En cette période de pandémie mondiale, l’expression artistique semble être compromise, pour ne pas dire à l’arrêt. Pourtant certains réalisateurs, contraints de s’adapter à ce contexte inédit, parviennent à trouver un second souffle, réinventent leur façon de faire, avec succès. C’est le cas de Sam Levinson qui écrit et réalise l’excellent Malcom & Marie, en respectant scrupuleusement les règles sanitaires.
Huis-clos
Précisons avant tout que le tournage de Malcolm & Marie a été effectué en Californie, durant l’été 2020, en plein pic épidémique. Il a donc fallu repenser les plateaux de tournage, pour assurer la sécurité de chacun : avec pas plus de 12 personnes sur place, l’intégralité des scènes a été filmée dans l’enceinte d’une villa à l’adresse bien gardée. Pourtant, ce protocole sanitaire n’a jamais été un frein créatif pour Sam Levinson, au contraire, puisqu’il va dans le sens du scénario. Malcom & Marie se déroule la nuit, en huis clos, avec quelques scènes dans le jardin de la maison.
A l’image des confinements que nous avons vécus ces derniers mois, les deux personnages subissent petit à petit leur espace intime restreint, avant de se déchirer entre quatre murs. Les tensions s’installent dès la première minute. L’élément déclencheur du drame s’est cristallisé plus tôt dans la soirée, pendant la projection du nouveau film de Malcolm, plus précisément après, durant son discours de remerciements. Malcolm n’a pas remercié Marie, sa compagne, son actrice et sa Muse pour sa contribution au film. Cet incident est-il l’élément qui met le feu au poudre dans ce couple passionnel ? Ou s’agit-il d’un conflit bien plus profond qui détermine la relation des amants ?
Conflit toxique
On comprend au fil des répliques que Malcolm se nourrit du mal être de Marie pour le retranscrire dans son art ; quant à Marie, elle, a besoin du soutien constant de Malcolm pour se raccrocher à la vie. S’ils sont clairement dépendants l’un de l’autre, ils ont du mal à l’admettre, se le reprochent. Marie en veut à Malcolm d’avoir puisé sans limite dans son histoire personnelle pour créer son film. Elle se sent dépouillée de sa propre vie, regrette d’avoir perdu l’occasion de narrer son propre récit. Malcolm, lui, nie le fait que son film existe uniquement grâce à Marie et clame que ses propres expériences ont autant nourri l’œuvre.

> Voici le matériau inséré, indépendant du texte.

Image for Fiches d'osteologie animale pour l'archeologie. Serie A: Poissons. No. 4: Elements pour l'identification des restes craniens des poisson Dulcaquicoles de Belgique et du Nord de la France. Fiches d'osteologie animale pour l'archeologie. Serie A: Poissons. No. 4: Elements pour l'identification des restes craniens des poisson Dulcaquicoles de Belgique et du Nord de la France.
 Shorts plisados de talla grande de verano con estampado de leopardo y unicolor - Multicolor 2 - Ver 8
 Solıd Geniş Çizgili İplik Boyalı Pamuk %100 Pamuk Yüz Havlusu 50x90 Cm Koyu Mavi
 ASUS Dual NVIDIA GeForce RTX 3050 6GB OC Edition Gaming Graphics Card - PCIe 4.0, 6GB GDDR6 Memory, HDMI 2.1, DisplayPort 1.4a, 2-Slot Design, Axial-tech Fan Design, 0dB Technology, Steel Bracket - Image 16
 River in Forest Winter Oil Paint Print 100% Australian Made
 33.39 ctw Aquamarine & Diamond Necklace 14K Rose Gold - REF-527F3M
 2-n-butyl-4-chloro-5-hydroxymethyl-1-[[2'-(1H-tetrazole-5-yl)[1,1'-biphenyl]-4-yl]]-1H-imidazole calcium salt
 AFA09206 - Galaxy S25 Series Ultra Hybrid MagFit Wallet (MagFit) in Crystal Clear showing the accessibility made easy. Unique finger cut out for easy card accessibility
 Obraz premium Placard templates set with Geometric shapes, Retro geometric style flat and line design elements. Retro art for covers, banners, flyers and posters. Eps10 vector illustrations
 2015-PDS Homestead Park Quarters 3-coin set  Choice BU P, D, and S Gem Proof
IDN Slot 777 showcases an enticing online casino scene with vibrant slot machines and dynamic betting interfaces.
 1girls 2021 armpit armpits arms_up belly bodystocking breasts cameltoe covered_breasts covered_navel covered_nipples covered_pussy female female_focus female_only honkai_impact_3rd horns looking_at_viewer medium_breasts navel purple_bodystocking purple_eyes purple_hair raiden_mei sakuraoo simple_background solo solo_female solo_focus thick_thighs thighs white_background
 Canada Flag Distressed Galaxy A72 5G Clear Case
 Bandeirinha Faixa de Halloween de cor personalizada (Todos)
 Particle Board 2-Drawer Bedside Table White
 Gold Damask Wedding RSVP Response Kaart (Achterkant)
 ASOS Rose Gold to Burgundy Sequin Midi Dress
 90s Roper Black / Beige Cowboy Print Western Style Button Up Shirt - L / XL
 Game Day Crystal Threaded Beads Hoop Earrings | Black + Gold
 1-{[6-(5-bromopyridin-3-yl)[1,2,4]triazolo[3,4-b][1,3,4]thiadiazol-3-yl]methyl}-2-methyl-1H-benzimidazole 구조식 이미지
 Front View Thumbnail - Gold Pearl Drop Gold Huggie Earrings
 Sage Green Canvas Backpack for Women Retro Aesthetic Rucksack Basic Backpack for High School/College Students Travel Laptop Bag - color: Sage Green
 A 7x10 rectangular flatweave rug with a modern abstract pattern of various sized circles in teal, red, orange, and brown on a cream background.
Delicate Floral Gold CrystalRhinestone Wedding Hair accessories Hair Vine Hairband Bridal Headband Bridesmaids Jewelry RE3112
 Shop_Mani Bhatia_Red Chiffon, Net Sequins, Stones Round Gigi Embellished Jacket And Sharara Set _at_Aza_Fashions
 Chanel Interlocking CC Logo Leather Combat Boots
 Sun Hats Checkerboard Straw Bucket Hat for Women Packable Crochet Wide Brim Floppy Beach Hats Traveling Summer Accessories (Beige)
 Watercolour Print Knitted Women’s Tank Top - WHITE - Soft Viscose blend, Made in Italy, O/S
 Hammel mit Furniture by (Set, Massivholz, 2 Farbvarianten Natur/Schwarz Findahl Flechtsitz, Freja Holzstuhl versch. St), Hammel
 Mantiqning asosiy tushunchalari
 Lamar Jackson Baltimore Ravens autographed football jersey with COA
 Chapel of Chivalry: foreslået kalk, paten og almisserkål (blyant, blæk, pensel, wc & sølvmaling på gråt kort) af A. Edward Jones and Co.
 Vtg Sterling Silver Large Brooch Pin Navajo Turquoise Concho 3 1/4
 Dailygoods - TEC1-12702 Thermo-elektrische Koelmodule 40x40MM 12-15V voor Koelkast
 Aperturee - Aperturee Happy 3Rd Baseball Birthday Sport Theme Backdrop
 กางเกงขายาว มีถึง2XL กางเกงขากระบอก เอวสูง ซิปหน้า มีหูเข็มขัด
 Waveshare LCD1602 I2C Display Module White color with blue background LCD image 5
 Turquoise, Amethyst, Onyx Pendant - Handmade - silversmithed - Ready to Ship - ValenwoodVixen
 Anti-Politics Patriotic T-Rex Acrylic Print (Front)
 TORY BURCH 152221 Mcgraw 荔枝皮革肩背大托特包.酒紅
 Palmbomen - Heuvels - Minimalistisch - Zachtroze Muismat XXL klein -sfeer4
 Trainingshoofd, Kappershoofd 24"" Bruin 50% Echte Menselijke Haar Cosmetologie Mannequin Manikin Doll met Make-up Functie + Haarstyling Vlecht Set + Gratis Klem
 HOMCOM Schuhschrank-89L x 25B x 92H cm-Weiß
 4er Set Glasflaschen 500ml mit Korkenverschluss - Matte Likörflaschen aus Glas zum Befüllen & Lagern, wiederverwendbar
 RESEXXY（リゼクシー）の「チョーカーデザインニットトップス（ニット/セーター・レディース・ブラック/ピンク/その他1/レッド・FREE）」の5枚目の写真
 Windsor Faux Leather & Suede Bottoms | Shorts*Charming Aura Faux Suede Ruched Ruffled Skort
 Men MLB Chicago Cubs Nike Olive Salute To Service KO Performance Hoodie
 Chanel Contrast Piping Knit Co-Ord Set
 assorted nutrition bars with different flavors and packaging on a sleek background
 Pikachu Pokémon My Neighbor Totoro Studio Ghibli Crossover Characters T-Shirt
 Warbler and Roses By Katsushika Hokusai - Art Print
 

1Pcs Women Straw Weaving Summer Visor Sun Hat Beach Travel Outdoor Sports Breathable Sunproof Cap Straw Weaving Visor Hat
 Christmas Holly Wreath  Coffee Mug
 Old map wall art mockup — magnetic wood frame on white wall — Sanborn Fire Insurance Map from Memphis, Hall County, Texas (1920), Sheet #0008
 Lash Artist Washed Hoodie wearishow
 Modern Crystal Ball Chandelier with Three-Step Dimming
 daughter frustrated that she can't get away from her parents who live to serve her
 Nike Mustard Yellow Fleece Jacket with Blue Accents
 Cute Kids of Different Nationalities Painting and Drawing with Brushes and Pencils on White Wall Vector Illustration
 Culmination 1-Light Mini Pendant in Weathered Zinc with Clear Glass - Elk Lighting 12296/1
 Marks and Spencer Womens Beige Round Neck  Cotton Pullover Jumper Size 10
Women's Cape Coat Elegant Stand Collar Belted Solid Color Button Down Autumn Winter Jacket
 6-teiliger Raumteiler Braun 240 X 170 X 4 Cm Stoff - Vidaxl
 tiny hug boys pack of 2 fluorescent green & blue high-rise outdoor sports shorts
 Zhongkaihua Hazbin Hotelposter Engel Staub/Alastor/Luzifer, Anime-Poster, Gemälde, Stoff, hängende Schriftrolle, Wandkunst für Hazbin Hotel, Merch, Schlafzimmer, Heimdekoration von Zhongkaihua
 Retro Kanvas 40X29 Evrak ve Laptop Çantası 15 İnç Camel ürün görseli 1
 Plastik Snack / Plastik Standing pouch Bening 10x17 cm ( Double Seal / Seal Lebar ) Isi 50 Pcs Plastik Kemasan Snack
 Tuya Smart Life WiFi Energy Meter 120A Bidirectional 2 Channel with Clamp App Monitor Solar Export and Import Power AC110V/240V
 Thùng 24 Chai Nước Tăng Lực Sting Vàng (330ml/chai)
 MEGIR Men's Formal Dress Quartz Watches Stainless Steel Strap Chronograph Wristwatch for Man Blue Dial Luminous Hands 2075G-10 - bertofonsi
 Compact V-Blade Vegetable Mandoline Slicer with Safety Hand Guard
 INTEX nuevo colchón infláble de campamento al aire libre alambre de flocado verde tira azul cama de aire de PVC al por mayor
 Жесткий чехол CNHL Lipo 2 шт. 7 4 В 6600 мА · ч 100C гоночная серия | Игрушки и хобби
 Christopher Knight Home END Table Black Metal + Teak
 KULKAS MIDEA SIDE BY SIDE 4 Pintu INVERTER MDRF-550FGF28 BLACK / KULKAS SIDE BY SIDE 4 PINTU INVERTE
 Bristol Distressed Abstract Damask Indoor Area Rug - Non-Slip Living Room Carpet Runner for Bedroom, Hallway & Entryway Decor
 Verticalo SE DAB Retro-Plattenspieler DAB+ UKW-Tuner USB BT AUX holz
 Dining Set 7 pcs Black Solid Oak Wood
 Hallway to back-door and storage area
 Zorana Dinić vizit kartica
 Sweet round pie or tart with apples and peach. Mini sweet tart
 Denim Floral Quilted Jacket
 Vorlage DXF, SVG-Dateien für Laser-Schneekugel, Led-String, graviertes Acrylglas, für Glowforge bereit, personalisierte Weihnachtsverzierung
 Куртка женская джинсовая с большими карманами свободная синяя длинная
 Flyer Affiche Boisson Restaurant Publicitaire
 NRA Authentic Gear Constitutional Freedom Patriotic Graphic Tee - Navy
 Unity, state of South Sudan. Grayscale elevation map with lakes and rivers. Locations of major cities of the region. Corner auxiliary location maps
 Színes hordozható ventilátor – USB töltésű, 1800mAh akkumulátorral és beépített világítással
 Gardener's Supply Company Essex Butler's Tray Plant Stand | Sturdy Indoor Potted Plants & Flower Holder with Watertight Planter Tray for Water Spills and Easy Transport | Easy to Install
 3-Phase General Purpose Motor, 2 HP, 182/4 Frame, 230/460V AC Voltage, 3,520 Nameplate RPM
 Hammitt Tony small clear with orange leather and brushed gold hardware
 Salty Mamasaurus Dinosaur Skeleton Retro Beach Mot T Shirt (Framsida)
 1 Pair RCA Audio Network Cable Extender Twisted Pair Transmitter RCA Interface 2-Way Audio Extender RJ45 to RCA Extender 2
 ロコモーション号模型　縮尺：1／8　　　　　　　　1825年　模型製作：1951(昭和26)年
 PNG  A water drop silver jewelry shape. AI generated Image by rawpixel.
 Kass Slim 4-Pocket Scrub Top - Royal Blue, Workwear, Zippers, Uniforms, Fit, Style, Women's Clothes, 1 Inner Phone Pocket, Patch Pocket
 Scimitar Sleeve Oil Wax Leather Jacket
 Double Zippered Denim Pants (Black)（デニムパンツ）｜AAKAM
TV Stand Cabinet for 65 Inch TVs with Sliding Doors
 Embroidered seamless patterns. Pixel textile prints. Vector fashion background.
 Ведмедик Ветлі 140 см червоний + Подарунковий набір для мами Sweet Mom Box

Clairement, le conflit est le pilier du scénario, son fil directeur, analysé étape par étape, disséqué, mis en lumière. Ce conflit, Marie n’en veut pourtant pas. Ce qu’elle veut, c’est aller se coucher sans en discuter. Mais Malcolm est têtu, presque obstiné, et la pousse dans ses retranchements pour “enfin” ouvrir les vannes du conflit.C’est là l’intimité véritable du couple, plus que le lien charnel. Nous passons la nuit avec Malcolm & Marie et sommes les témoins impuissants de la dégradation presque fatale, d’une relation dont nous comprenons au fil des scènes combien elle est malsaine, toxique.
Point de bascule
Le lien amoureux implique la confiance, le respect ; même dans la colère la plus sombre, certains propos resteront hors limites. Ces limites, Malcolm ne cesse de les piétiner pour revenir à la charge, harceler Marie. Chacun va user des faiblesses de l’autre pour mieux l’atteindre dans ce duel sans pitié. La tentative de suicide de Marie, les erreurs passées de chacun, rien n’est laissé de côté et chaque phrase est assenée telle un coup de couteau. Celui dont s’empare Marie, qui menace son compagnon, exprimant toute la douleur qui sommeille en elle … avant de lui avouer qu’elle feint, que cette tirade a pour seul but que de lui prouver ses talents d’actrice.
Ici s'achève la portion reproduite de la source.